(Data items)
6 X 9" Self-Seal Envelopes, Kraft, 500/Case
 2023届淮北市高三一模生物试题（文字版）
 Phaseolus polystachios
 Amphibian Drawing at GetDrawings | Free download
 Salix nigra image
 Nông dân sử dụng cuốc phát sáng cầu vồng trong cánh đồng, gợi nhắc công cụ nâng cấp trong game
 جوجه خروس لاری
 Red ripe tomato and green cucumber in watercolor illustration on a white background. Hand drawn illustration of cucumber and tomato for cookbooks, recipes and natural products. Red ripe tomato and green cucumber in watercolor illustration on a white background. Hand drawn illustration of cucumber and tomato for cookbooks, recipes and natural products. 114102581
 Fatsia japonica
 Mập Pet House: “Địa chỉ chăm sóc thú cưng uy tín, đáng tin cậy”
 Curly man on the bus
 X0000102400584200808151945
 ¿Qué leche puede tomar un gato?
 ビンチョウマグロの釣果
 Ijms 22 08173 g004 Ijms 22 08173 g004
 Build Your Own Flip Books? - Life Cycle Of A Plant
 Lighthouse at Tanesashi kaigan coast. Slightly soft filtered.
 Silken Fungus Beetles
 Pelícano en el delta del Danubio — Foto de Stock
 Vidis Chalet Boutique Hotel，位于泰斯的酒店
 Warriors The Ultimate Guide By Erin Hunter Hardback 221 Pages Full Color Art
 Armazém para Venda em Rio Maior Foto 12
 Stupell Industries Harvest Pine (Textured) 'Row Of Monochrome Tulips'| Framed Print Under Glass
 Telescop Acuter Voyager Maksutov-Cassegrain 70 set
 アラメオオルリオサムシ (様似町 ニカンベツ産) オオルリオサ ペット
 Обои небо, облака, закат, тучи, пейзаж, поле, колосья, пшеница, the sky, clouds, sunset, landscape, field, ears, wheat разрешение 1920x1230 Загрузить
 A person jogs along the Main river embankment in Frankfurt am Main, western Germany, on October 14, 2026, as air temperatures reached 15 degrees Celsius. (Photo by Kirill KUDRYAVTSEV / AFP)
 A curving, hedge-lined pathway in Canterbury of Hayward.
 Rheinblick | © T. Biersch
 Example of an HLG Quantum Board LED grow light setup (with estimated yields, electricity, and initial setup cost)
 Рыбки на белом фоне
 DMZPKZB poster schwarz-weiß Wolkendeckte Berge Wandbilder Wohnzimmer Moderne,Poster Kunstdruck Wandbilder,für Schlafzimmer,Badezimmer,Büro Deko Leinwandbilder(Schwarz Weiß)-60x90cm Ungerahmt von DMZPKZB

• **INSTRUCTIONS TO FOLLOW**
Quote each line above in full, word for word.

• **RESULT FOR THIS TASK**
6 X 9" Self-Seal Envelopes, Kraft, 500/Case
 2023届淮北市高三一模生物试题（文字版）
 Phaseolus polystachios
 Amphibian Drawing at GetDrawings | Free download
 Salix nigra image
 Nông dân sử dụng cuốc phát sáng cầu vồng trong cánh đồng, gợi nhắc công cụ nâng cấp trong game
 جوجه خروس لاری
 Red ripe tomato and green cucumber in watercolor illustration on a white background. Hand drawn illustration of cucumber and tomato for cookbooks, recipes and natural products. Red ripe tomato and green cucumber in watercolor illustration on a white background. Hand drawn illustration of cucumber and tomato for cookbooks, recipes and natural products. 114102581
 Fatsia japonica
 Mập Pet House: “Địa chỉ chăm sóc thú cưng uy tín, đáng tin cậy”
 Curly man on the bus
 X0000102400584200808151945
 ¿Qué leche puede tomar un gato?
 ビンチョウマグロの釣果
 Ijms 22 08173 g004 Ijms 22 08173 g004
 Build Your Own Flip Books? - Life Cycle Of A Plant
 Lighthouse at Tanesashi kaigan coast. Slightly soft filtered.
 Silken Fungus Beetles
 Pelícano en el delta del Danubio — Foto de Stock
 Vidis Chalet Boutique Hotel，位于泰斯的酒店
 Warriors The Ultimate Guide By Erin Hunter Hardback 221 Pages Full Color Art
 Armazém para Venda em Rio Maior Foto 12
 Stupell Industries Harvest Pine (Textured) 'Row Of Monochrome Tulips'| Framed Print Under Glass
 Telescop Acuter Voyager Maksutov-Cassegrain 70 set
 アラメオオルリオサムシ (様似町 ニカンベツ産) オオルリオサ ペット
 Обои небо, облака, закат, тучи, пейзаж, поле, колосья, пшеница, the sky, clouds, sunset, landscape, field, ears, wheat разрешение 1920x1230 Загрузить
 A person jogs along the Main river embankment in Frankfurt am Main, western Germany, on October 14, 2026, as air temperatures reached 15 degrees Celsius. (Photo by Kirill KUDRYAVTSEV / AFP)
 A curving, hedge-lined pathway in Canterbury of Hayward.
 Rheinblick | © T. Biersch
 Example of an HLG Quantum Board LED grow light setup (with estimated yields, electricity, and initial setup cost)
 Рыбки на белом фоне
 DMZPKZB poster schwarz-weiß Wolkendeckte Berge Wandbilder Wohnzimmer Moderne,Poster Kunstdruck Wandbilder,für Schlafzimmer,Badezimmer,Büro Deko Leinwandbilder(Schwarz Weiß)-60x90cm Ungerahmt von DMZPKZB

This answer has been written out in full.